Source: United Kingdom – Government Statements
For the first time ever, over 400 firms covering one million employees are now signed up to the Women in Finance Charter
By doing so, firms pledge to support the progression of women into senior roles in financial services, set internal targets to improve diversity and publicly report on progress
78% of signed-up firms are meeting or are on track to meet their targets, up 5% on last year
By signing up to the Charter, firms pledge to support the progression of women into senior roles in financial services by setting targets to improve diversity and publicly report on their progress.
The Charter, established in 2016, reflects the government’s aspiration to enhance gender equality at all levels across financial services firms, in recognition that a balanced workforce is good for businesses good for customers – and is increasingly attractive to investors.
The annual review published today (23rd June) found that 78% of firms are already meeting or are on track to meet their targets to see more women in the boardroom – up 5% on last year – and almost half of firms have committed to have 40% of their boardroom made up of women.
Economic Secretary to the Treasury, John Glen said:
Diverse representation and gender equality in the financial services sector is good for business, good for investors and reduces barriers to growth and enterprise.
I welcome this year’s progress, but settings targets is just one part of the process – I am today calling on firms double-down on their to commitments and continue to deliver greater gender-equality in the workplace.
Women in Finance Champion, Amanda Blanc said:
I am concerned to see progress stagnating.
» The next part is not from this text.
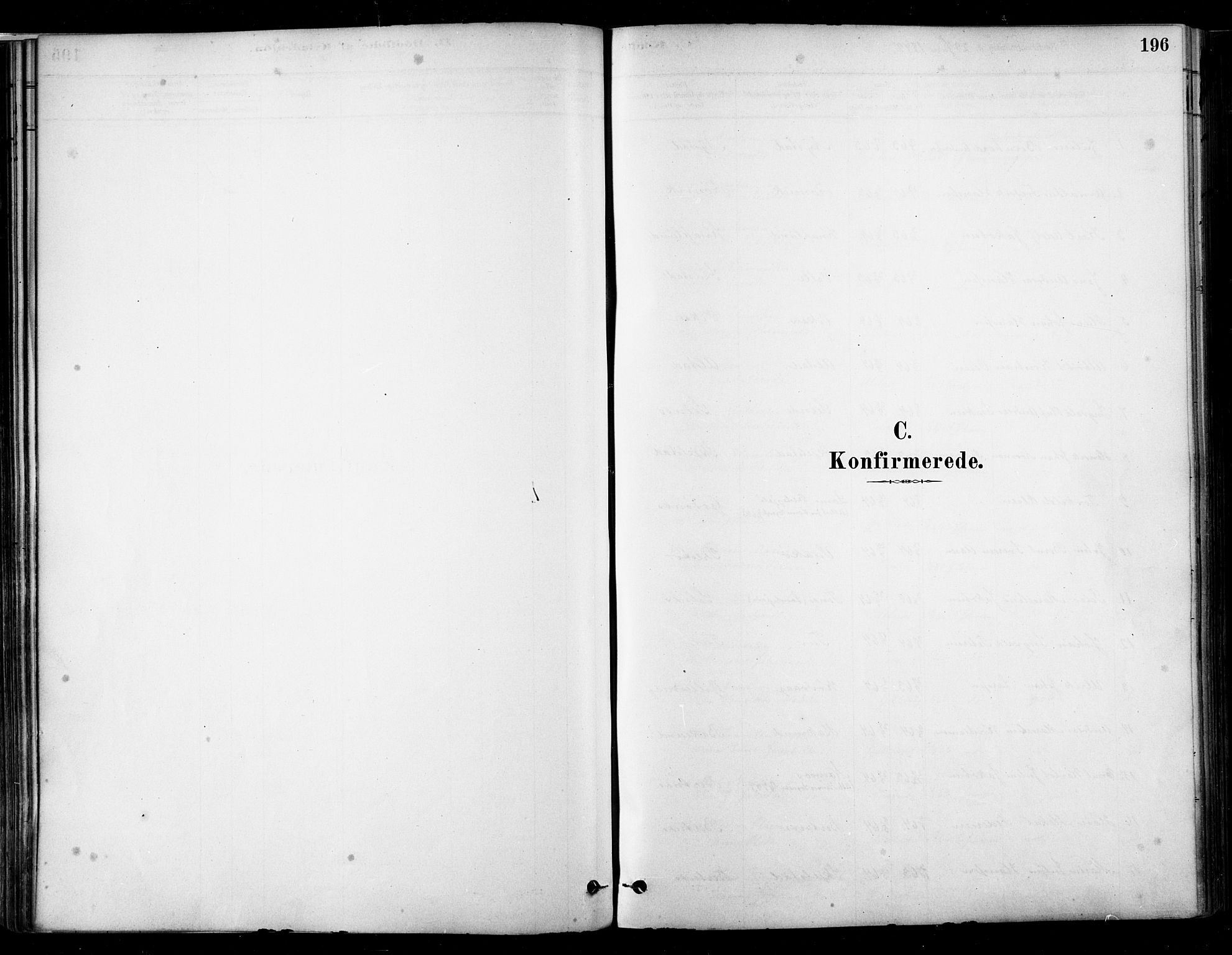 Ministerialprotokoller, klokkerbøker og fødselsregistre - Nordland, SAT/A-1459/802/L0054: Parish register (official) no. 802A01, 1879-1893, p. 196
Frankly, up to now there has been too much tinkering at the edges and not enough fundamental change. Be in no doubt, major change in this area is tough – but it’s crucial we get it right. There are some glimmers of hope with more ambitious targets being set and met. But for the sake of women, companies and society, we’ve got to work quicker and harder.
The average level of female representation in senior management within the industry has remained flat at 33% in 2021 compared to 2022. Two-thirds of signatories either increased or maintained their proportion of women in senior management.
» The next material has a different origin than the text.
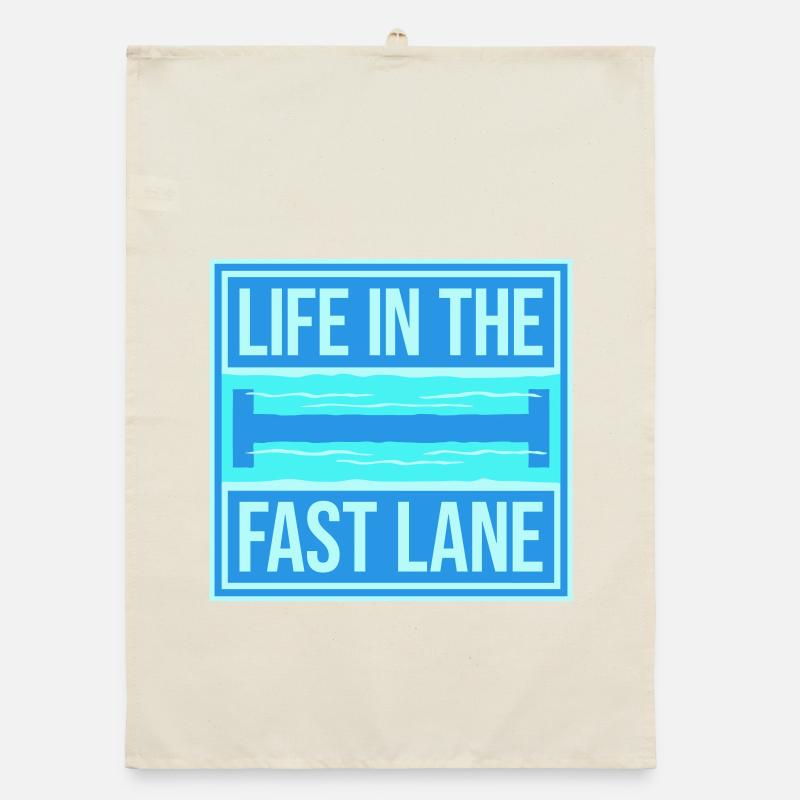 Life In The Fast Lane Float Funny Pool Saying Organic dish towel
While progress has been made, there is more work to be done to ensure greater representation of women in senior roles in financial services.
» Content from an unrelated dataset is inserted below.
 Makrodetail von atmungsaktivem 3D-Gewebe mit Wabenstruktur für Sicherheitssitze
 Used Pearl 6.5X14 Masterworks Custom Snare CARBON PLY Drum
Now that the Charter is in its sixth year, the government will continue working with industry to achieve meaningful progress to create a world-leading financial services industry which champions diversity, innovation and reduces barriers to growth and enterprise.
- The Women in Finance Charter is a voluntary commitment, ensuring firms set out clear targets to see greater representation of women in boardrooms.
- The Annual Review, published here, assesses progress among signatories to date, and how firms are delivering against their targets.